Yesterday I also listened to Lent: A Time of Renewal on the Abiding Together Podcast while driving to my parish for Mass, a drive which took longer than usual. At one point I was kind of annoyed, however as both the podcast and the day unfolded there was a keen awareness of God’s grace. I listened to the entire podcast on the way. At the moment where I started to wonder if I’d make it to Mass (which I later discovered there isn’t Mass on Monday) Michelle shared a specific part of her silent retreat where God is inviting her to play. Play is my word of the year so I listened with interest. And later while I prayed in the Chapel I looked up the word “play” and discovered several things: it is both an noun and a verb, it is relational to what is happening.

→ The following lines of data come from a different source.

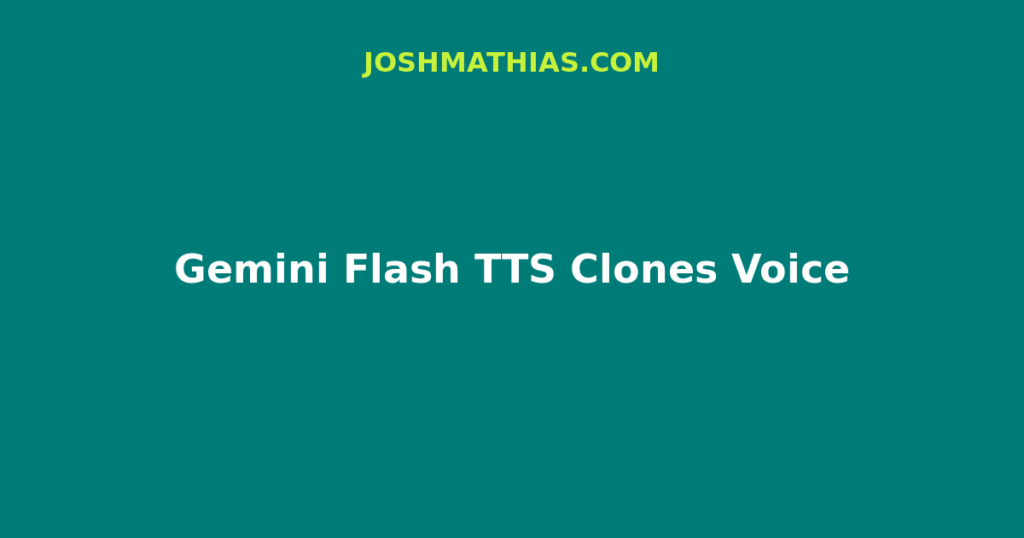 Google Gemini Flash TTS can clone a voice from about 30 seconds of audio. What PR and creator teams should disclose before they ship.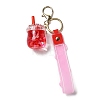 Drinks Bottle Acrylic Pendant Keychain Decoration KEYC-D018-03-3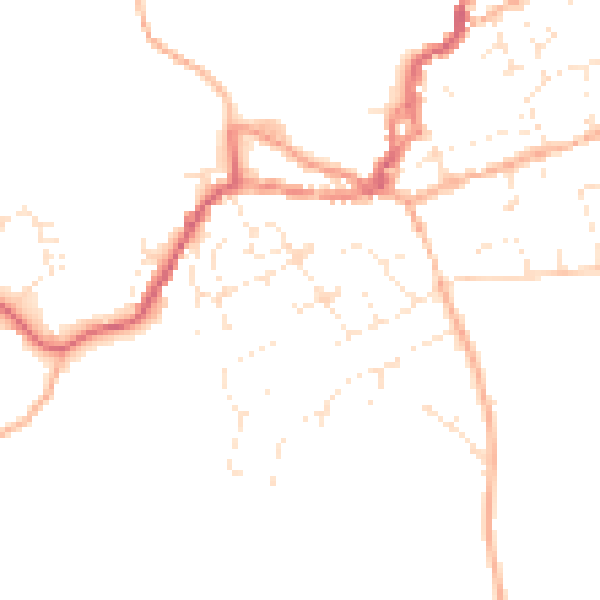 Daytime road noise heatmap for EX11 1AS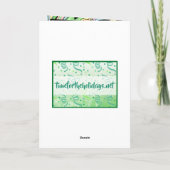 Carte Bonne page Anniversaire des champignons rétro et c (Dos)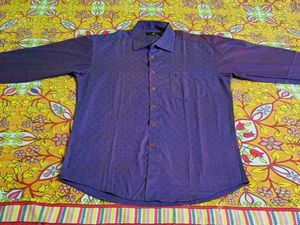 Purple Patterned Shirt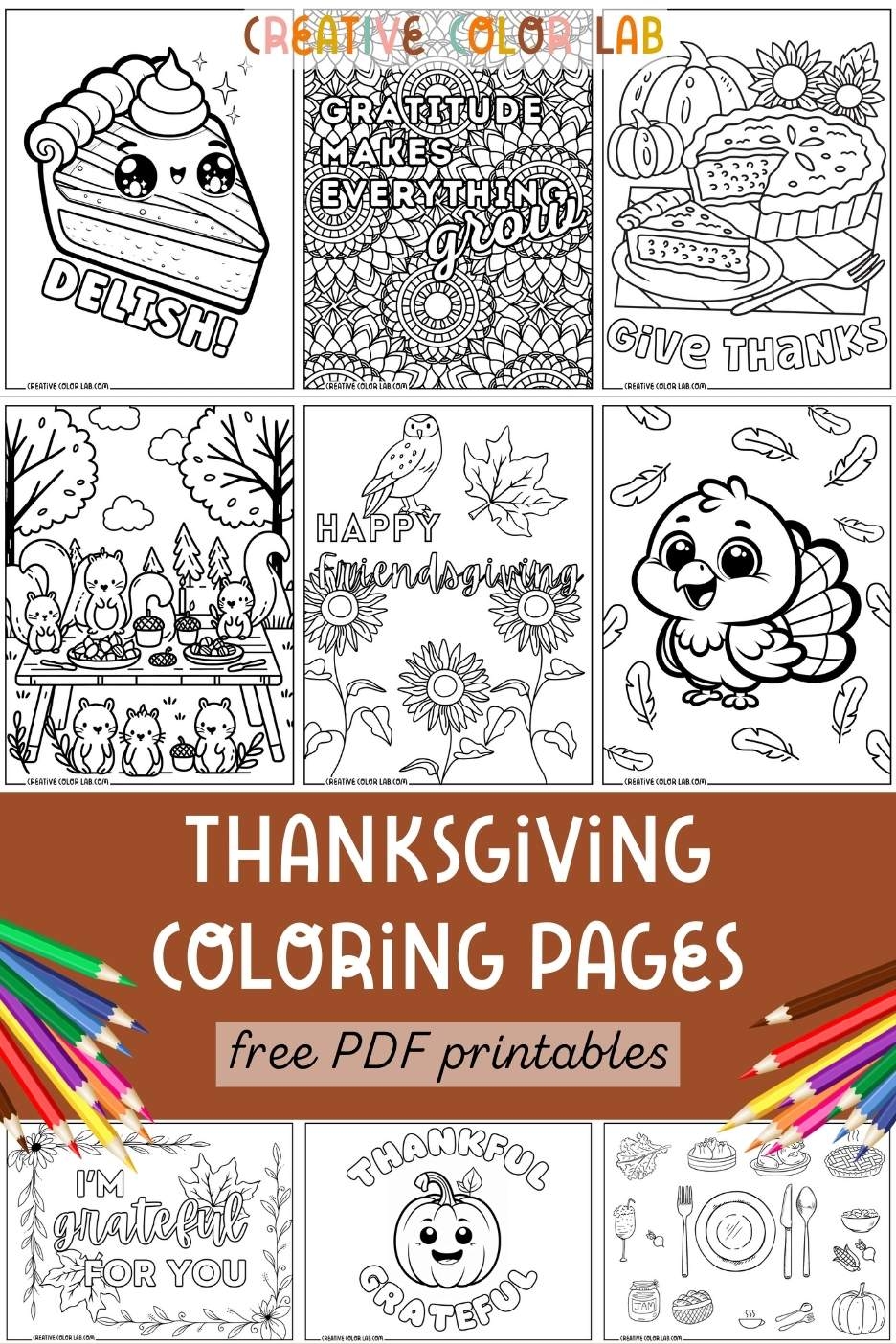 thanksgiving free coloring pages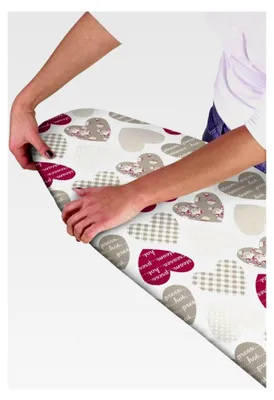 Produktbild von Elastischer Bügelbrettbezug mit Herzmotiv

I am continuing to read St Catherine of Siena, a lay Dominican and spiritual director.

Imagine a circle traced on the ground and, at the center of the circle, a tree with an off-shoot grafted into its side. The tree finds its nourishment in the earth within the expanse of the circle. But, were it ever uprooted from the earth, it would die, yielding no fruit.… It is necessary, therefore, that the root of this tree, that is the affection of the soul, should grow in and issue from the circle of true self-knowledge, knowledge that is joined to me, who, like the circle itself, have neither beginning nor end.225

Catherine of Siena - St Catherine of Siena Mystic of Fire Mother of Freedom Paul Murray OP Word on Fire

As I read this quote there is a deep sense of rootedness, this description of an off-shoot grafted into its side is profoundly beautiful. Creative brain could almost see this as a quilt. It’s been a long time since the imaginings of quilts happened. This is twice this week! I am in awe in so many ways of this.

After Mass I was meeting a new friend to help her with some of the backend on her website. I’ve been trying to talk with someone else for days and we finally connected while I sat in the parking lot of the Church and talked for about 30 minutes. Both this conversation and the conversation with my friend on the backend of her website were good.

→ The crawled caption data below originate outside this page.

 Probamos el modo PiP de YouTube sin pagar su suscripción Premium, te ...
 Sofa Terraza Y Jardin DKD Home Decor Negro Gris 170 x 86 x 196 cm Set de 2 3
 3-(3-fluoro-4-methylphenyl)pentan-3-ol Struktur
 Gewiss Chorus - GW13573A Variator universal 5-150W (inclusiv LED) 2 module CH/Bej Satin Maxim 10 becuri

There was something really delightful about having an impromptu lunch with my Sweetie, then surprising someone with promised donuts. The look of delight on this person’s face is a treasure. “You remembered!” I did indeed.

As I sat down to pray and read this morning I realized that I left my journal and several books I’m currently reading in the car overnight. Because it’s 33 degrees right now I’m not keen on making the dash outside to get said books and journal. Often when I journal it’s prayer, remembering those who have asked me to pray for them. Or for vocations to the Priesthood, Consecrated Life, Marriage or Single Life, that those discerning would hear God’s voice with clarity and the delightful uncertainty of a new toddler taking their first steps. Because oh the JOY of those giving witness to those first steps. And Oh the beauty of whatever comes next.

Here we are on the Eve of Lent. In the Abiding Together podcast Sr Miriam James describes Lent as a time of renewal, and so it is. In 1992 one of the people in my RCIA group gave me a copy of Pope St John Paul II’s On the Dignity and Vocation of Woman, which was for her pivotal in her coming to the Church. For me when I finally read it in 1994 or 1995 it completely shifted how I experienced so much of what I *thought* the Church believed about women. This is once again my Lenten reading with a couple of friends and I’m looking forward to learning how I read this now, thirty years later. I can tell you already that this will be so good in part because it brings up so sweetly my very first memory of JPII, on the day of his election in October 1978, as an almost ten year old, giddy with excitement, somehow knowing how importance of his election. Not knowing then how his words, his teaching in this document would influence me, my marriage and life.